US Sanctions on Iran threaten Saudi Arabia
In May of 2018, President Donald Trump pulled the United States out of the Iran Nuclear Deal with the goal of getting “oil exports from Iran down to zero”, according to National Security Advisor John Bolton.
The sanctions put in place limit the number of nations to just eight in which Iran can export oil to. How much each nation can receive has been held under tight wraps, leaving oil exporters in a frenzy to capitalize.
Since the sanctions took place, Iranian crude oil sales are down 40% and the oil markets have dropped 20%. This brings the current price of oil down to US$80 per barrel.
This is where Saudi Arabia has a problem.
Saudi Arabia should be happy that the United States is damming Iranian oil exports, but the plunging prices are punishing the Kingdom. Saudi Arabia requires the price of oil to be set at no less than US$88 per barrel in order to balance its budget.
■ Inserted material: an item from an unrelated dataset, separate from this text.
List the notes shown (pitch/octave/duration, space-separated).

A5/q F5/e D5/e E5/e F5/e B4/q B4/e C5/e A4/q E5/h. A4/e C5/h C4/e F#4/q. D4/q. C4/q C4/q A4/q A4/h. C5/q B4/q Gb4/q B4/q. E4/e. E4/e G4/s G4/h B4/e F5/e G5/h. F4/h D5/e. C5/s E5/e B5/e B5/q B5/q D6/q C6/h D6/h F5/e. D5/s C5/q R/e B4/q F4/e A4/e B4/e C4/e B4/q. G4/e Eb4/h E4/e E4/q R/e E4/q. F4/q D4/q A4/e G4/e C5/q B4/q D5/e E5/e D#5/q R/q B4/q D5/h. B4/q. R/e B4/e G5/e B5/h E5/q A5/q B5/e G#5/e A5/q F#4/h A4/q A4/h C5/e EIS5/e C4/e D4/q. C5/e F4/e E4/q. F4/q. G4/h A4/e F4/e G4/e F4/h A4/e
As the nation continues its costly war effort in Yemen, and faces the public relations disaster that is the senseless murder of journalist Jamal Khashoggi at the hands of government officials, the last thing they want to worry about are sanctions on an enemy nation hurting their own economy.
While things look good now, and we can expect the prices at the pump to continue dipping, we need to keep an eye on this situation. As proven in the past, OPEC nation’s, especially Saudi Arabia, have the ability to flip the markets upside with drastic measures if they feel the need to. The Trump Administration has threatened legislation identifying OPEC as cartel-like if such actions are taken, but it is unlikely anything could be done in time to prevent the headaches caused by Saudi retaliations.